** Records to use follows **
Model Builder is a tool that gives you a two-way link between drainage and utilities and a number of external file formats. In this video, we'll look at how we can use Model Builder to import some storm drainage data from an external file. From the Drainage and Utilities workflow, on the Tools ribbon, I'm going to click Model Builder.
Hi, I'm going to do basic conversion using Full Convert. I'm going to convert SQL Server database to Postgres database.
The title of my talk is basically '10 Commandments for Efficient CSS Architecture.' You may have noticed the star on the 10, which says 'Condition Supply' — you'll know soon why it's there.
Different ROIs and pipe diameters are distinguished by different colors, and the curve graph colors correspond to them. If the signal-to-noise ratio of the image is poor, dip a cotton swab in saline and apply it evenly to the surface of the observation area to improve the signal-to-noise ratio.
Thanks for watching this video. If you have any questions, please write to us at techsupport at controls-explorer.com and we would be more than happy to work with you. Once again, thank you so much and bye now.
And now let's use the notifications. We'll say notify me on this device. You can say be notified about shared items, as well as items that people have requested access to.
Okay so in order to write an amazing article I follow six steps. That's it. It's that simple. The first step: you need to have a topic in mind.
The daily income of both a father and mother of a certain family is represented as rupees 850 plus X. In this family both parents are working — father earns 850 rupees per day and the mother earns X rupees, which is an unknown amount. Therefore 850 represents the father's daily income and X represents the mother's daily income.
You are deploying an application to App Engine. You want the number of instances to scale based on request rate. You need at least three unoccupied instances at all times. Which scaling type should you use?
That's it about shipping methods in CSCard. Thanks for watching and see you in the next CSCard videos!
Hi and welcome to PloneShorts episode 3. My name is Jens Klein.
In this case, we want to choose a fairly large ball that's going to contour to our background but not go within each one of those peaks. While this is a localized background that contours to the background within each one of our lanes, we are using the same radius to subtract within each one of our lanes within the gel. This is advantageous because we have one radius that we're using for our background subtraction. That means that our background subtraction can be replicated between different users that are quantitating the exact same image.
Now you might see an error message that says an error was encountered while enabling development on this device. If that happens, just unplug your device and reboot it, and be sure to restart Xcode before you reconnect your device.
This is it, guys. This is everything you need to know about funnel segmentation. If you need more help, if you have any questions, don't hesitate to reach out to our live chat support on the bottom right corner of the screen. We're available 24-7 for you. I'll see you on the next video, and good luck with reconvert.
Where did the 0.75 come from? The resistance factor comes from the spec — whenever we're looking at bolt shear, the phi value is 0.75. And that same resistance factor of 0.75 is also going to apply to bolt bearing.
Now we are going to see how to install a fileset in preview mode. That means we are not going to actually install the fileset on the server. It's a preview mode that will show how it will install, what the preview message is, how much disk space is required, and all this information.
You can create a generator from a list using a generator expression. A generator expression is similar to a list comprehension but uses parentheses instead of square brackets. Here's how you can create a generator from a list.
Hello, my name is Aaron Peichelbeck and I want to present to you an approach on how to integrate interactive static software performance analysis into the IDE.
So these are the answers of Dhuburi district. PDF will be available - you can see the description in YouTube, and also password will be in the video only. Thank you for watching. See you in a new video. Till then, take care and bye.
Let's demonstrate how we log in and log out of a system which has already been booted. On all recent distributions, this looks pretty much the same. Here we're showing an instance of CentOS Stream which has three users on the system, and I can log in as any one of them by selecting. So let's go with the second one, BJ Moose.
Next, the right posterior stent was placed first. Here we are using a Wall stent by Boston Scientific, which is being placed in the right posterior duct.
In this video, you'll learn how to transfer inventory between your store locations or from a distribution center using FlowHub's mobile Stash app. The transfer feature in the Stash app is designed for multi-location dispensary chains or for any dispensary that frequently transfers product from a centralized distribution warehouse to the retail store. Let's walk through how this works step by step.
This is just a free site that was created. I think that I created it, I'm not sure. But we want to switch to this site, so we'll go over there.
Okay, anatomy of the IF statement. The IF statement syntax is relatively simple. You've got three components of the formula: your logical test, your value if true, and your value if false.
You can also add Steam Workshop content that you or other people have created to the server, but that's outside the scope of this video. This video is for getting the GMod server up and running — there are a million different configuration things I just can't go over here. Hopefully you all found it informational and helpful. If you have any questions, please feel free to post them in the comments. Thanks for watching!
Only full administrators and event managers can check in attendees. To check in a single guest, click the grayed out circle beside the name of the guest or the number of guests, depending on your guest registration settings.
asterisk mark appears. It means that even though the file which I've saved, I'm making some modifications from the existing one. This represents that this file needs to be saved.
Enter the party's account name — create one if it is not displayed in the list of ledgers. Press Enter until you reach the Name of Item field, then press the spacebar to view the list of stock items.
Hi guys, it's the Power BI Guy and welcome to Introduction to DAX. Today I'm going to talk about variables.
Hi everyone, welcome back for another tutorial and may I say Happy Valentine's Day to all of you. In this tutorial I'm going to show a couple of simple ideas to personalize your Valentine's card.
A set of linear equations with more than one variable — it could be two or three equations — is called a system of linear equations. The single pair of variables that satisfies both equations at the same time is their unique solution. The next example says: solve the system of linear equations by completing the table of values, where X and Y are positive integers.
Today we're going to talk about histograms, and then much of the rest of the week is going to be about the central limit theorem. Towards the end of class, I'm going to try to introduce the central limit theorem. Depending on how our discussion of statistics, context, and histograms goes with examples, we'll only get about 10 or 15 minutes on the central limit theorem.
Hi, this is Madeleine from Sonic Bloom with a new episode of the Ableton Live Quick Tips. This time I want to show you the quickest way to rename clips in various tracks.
** End of Records to use **
# Prompt:
All lines of the records above that contain the word "Okay" are to be copied out.

# Task answer:
Okay so in order to write an amazing article I follow six steps. That's it. It's that simple. The first step: you need to have a topic in mind.
Okay, anatomy of the IF statement. The IF statement syntax is relatively simple. You've got three components of the formula: your logical test, your value if true, and your value if false.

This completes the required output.